Kanunlarla ve medya kanallarıyla aile yapımızı yıkmaya çalıştıklarını şimdi hepimiz anladık.
Öyle değil mi yoksa?
Önce zinanın cezasını kaldırdılar, biz feryat ettik, sen alkışladın ve bizi suçladın!
Domuzu kasaplık saydılar, biz ortalığı çınlattık, sen alkışladın ve bizi suçladın!
Sapkınlara dernek olma hakkı tanıdılar, biz üzüldük, sen alkışladın ve bizi suçladın!
Sapıkları ve fiillerini devlet güvencesine aldılar, biz ayağa kalktık, sen alkışladın ve bizi suçladın!
İstanbul sözleşmesi ve bağlı kanunlarla aileye kasdettiler, biz yırtındık, sen alkışladın ve bize ters ters baktın!
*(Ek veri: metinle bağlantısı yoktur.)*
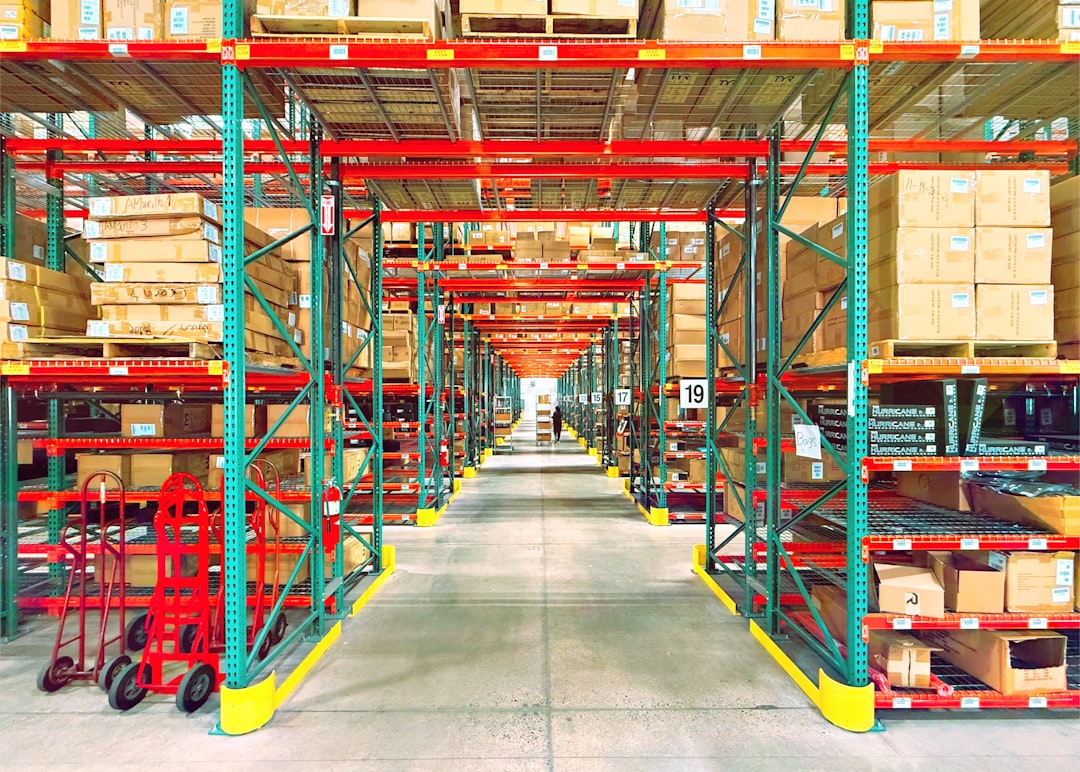 A long racking aisle where clearance signs and aisle width decide warehouse material handling safety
ETCEP getirip evlatlarımızı zehirlediler, biz feryat ettik, sen alkışladın, bizi suçladın!
Şimdi anlıyorsun ve zaten biz de biliyor ve feryat ediyoruz ki, bunlar Avrupa emretti diye aile kurumunu yıkmaya niyet etmişler!
Şimdi senle beraber yırtınıyoruz ki, bu hatalarını düzeltsinler, sapık sözleşmeleri ve kanunları iptal etsinler!
Ama hayır!
Hayır!
Hayır!
Asla düzeltmeye yanaşmıyorlar!
Oralı bile değiller!
Müslüman kardeş şimdi bunlara ne diyelim?
“Uyuyorsunuz” mu diyelim?
Ama uyumuyorlar, devamlı aileyi ifsada çalışıyorlar!
Gafilsiniz mi desek?
Ama o kelime iyice yalama oldu. Artık kifayet etmez oldu!
Başka ne diyelim?
“………..”
Kardeş!
Onu bari sen söyle, bize söyletme!
Bizim suç sayılacak bişeyler söylememizi bekliyorlar!
Gel bu noktalı yerleri sen doldur!
Uyandıysan eğer.

Ama uyanmadıysan o tırnağın içine sen de girersin!